[Records for this exercise]
-------------------------
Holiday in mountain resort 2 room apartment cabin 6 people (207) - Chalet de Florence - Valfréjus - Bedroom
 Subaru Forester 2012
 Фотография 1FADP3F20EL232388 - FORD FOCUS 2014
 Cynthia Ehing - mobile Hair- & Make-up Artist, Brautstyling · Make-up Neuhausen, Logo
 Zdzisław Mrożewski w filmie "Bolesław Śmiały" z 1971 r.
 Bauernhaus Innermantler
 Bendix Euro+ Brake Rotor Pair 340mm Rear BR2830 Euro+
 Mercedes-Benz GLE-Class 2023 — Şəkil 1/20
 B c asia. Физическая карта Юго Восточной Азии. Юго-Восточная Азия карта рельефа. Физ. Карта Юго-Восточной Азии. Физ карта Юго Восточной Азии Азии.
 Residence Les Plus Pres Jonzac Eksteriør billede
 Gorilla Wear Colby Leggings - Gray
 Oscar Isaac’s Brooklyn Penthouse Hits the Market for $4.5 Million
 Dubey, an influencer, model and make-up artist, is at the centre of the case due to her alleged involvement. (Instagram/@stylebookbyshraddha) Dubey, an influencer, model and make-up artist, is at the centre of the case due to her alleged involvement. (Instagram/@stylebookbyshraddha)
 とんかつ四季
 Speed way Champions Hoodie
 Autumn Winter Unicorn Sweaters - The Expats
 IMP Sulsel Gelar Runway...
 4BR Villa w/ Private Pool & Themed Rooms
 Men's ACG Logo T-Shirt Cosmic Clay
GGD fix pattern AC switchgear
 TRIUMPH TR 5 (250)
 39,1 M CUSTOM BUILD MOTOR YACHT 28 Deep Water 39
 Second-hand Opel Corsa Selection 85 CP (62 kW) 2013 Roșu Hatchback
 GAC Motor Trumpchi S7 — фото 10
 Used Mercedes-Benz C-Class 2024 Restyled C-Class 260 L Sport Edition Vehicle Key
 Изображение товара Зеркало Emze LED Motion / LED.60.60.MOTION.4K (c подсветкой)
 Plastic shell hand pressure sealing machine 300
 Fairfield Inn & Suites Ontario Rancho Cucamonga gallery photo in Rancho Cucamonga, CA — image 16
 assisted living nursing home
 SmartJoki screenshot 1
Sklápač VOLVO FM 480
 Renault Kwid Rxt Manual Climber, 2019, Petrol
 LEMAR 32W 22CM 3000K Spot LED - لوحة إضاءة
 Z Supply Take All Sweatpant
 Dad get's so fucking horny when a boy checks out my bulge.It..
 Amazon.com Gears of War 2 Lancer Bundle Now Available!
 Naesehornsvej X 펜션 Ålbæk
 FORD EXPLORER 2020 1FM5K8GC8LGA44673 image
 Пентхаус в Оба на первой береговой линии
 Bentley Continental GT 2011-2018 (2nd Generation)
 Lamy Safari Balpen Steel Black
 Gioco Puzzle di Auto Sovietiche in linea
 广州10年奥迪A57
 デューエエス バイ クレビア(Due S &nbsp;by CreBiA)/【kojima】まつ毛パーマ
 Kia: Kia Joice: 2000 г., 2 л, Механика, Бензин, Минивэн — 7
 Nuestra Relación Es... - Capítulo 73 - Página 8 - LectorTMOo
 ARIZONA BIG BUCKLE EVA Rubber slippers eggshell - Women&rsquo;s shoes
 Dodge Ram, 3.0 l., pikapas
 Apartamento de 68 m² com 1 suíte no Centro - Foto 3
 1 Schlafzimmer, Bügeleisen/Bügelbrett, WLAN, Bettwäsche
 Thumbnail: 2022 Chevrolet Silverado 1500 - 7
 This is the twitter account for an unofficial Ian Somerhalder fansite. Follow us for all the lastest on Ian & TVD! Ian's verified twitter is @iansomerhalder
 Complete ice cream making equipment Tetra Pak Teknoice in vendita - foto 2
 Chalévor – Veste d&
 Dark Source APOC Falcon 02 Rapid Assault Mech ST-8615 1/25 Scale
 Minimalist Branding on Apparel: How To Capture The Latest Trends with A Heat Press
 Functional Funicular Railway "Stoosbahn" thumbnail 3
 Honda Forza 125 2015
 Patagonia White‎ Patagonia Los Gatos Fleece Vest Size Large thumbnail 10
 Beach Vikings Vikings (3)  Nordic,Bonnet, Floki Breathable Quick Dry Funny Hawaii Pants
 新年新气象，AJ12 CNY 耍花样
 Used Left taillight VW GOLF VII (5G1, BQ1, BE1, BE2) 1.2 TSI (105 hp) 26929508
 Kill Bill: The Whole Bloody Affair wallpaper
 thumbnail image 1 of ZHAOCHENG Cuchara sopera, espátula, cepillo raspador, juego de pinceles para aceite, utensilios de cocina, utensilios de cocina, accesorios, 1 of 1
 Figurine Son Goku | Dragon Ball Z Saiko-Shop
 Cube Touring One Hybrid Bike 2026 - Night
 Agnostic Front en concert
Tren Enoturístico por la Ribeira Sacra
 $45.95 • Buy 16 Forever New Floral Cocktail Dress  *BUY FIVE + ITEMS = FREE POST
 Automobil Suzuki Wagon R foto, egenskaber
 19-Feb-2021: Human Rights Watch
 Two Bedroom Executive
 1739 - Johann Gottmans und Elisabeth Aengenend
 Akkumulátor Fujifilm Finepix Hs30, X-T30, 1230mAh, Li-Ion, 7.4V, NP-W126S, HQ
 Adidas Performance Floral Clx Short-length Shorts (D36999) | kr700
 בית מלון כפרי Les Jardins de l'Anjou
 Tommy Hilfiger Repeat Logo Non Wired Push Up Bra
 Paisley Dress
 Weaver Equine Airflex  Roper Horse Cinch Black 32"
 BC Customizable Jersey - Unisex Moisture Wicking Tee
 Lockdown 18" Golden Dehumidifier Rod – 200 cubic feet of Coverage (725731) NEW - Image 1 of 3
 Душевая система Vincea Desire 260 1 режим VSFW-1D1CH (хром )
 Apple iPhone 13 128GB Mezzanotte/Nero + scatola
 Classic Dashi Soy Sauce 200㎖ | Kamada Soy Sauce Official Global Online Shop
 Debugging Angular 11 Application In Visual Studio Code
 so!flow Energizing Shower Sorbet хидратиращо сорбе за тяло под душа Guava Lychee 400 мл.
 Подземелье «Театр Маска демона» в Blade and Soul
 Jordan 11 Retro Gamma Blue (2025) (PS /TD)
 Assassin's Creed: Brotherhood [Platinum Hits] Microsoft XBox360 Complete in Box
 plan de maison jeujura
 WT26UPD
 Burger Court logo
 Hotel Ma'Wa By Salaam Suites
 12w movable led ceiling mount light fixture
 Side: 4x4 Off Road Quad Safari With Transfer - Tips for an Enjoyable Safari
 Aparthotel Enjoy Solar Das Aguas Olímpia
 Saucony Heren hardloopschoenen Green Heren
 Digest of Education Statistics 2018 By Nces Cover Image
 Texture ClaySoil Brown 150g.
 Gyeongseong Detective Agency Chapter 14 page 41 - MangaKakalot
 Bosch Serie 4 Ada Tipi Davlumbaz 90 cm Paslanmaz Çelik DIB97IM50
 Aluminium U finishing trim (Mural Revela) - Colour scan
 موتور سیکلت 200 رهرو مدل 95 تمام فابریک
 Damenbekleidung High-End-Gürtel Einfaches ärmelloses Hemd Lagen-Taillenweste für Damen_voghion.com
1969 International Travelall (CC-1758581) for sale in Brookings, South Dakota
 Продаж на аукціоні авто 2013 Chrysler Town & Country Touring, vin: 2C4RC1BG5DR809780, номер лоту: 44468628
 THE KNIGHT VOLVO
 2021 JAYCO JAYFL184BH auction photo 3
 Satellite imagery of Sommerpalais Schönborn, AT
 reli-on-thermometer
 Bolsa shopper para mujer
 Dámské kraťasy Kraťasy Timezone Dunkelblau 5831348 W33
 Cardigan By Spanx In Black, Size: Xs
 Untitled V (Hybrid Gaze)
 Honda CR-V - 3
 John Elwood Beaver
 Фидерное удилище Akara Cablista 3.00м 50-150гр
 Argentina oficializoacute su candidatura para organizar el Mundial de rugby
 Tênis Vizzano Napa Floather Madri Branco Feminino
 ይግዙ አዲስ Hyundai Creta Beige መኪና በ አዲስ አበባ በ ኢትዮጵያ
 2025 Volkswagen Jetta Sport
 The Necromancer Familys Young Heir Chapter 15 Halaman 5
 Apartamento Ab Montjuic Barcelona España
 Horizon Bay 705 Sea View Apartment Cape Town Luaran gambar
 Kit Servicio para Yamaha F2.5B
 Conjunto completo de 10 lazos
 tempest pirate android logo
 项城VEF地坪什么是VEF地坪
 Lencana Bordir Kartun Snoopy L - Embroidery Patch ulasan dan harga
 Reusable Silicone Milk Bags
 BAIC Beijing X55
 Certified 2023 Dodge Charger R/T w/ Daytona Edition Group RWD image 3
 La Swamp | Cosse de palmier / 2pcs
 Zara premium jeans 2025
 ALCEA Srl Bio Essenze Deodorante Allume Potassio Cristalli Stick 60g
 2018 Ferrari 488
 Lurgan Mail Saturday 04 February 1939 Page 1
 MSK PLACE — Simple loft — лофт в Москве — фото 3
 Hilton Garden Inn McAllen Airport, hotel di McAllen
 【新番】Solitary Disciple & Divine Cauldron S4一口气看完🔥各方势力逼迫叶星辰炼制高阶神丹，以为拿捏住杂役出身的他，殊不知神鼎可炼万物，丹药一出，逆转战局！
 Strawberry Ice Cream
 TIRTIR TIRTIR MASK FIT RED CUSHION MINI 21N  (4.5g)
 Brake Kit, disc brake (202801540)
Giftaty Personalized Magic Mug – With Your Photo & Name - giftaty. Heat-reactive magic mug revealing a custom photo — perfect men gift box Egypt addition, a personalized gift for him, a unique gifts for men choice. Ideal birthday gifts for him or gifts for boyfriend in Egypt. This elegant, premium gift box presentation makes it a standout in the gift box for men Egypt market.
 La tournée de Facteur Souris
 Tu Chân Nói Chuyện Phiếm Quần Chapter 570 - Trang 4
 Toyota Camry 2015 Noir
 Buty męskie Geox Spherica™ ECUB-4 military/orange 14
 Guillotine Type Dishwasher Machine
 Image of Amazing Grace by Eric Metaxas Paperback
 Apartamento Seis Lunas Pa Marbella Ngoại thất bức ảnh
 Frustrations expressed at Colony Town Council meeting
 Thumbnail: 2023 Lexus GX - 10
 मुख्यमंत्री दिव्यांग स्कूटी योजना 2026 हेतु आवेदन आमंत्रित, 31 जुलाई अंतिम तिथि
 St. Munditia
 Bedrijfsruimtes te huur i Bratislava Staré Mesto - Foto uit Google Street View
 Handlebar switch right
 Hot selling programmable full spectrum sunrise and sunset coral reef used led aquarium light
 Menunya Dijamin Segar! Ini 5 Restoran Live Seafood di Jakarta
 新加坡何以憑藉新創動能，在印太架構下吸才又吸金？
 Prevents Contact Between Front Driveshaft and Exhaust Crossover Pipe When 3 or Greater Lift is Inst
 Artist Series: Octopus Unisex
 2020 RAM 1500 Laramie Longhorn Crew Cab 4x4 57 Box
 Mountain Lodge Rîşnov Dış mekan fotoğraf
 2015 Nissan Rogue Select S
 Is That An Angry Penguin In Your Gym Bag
-------------------------
[What the task requires] Print exactly the lines above, between the one holding "Oscar Isaac’s Brooklyn" and the one holding "Sklápač VOLVO FM 480", inclusive, and nothing besides.

[Written response]
 Oscar Isaac’s Brooklyn Penthouse Hits the Market for $4.5 Million
 Dubey, an influencer, model and make-up artist, is at the centre of the case due to her alleged involvement. (Instagram/@stylebookbyshraddha) Dubey, an influencer, model and make-up artist, is at the centre of the case due to her alleged involvement. (Instagram/@stylebookbyshraddha)
 とんかつ四季
 Speed way Champions Hoodie
 Autumn Winter Unicorn Sweaters - The Expats
 IMP Sulsel Gelar Runway...
 4BR Villa w/ Private Pool & Themed Rooms
 Men's ACG Logo T-Shirt Cosmic Clay
GGD fix pattern AC switchgear
 TRIUMPH TR 5 (250)
 39,1 M CUSTOM BUILD MOTOR YACHT 28 Deep Water 39
 Second-hand Opel Corsa Selection 85 CP (62 kW) 2013 Roșu Hatchback
 GAC Motor Trumpchi S7 — фото 10
 Used Mercedes-Benz C-Class 2024 Restyled C-Class 260 L Sport Edition Vehicle Key
 Изображение товара Зеркало Emze LED Motion / LED.60.60.MOTION.4K (c подсветкой)
 Plastic shell hand pressure sealing machine 300
 Fairfield Inn & Suites Ontario Rancho Cucamonga gallery photo in Rancho Cucamonga, CA — image 16
 assisted living nursing home
 SmartJoki screenshot 1
Sklápač VOLVO FM 480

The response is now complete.